Last Sunday I did something quite strange.
I bought newspapers.
I dined out myself on that day because the clan were all at the young scientist in Dublin.
I hate eating alone so I bought some company.
I had forgotten the joy of spreading out the Sunday newspapers and having an a la carte selection of commentators, features and news to suit my mood.
I truly can’t remember that last time I did this. It brought home to me how online I have become and I’m clearly not the only one.
http://www.bbc.co.uk/news/uk-scotland-scotland-business-16551244
How did my paperless Sunday creep up on me?
Today I’m in London at a meeting of the NUJ’s New Media Industrial Council.
Late last year I gave a talk on the digital future to a branch of the NUJ in Ireland.
They were all aware that the trade they had joined by various routes twenty or more years ago is dying.
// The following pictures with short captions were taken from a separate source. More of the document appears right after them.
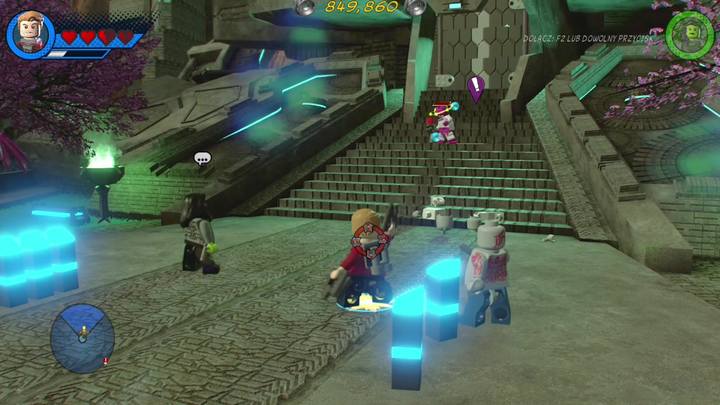 Na początku przedostań się do nowej lokacji - Hala - Misja 12 - Istny Kreezys | Solucja LEGO Marvel Super Heroes 2 - LEGO Marvel Super Heroes 2 - poradnik do gry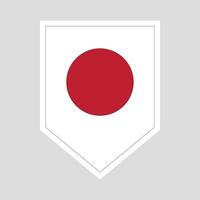 Giappone bandiera nel scudo forma telaio vettore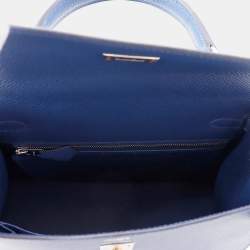 Pre Owned حقيبة هيرمس كيلي سيليير 25 جلد إيبسوم أزرق تاي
I know what I am doing here now is part of the future.
My Google Analytics tell me that this site has more readers than the Sunday Herald and Scotland on Sunday combined.
My two Sunday papers, one Irish one British, cost me over €5.00.
I know from my NUJ activity that costs are being savagely cut in every newspaper.
Many News Desks are virtually on a skeleton staff.
At the same time the price of the product is being raised as the quality is screwed down by the tyranny of the bean counters.
The print sector seems to be in a tail spin and no one has worked out how to make online editions self-financing let alone profitable.
This economic change is being driven by the new media revolution.
This speech by Professor Roy Greenslade in The NUJ’s Irish conference last year is worth another listen.
http://www.nuj.org.uk/files/NewMediaRoy.mp3
In my overnight bag is a small grey device called a Kindle with hundreds of books on it.
This technology is wonderful, liberating, exhilarating, but I grew up with books and newspapers.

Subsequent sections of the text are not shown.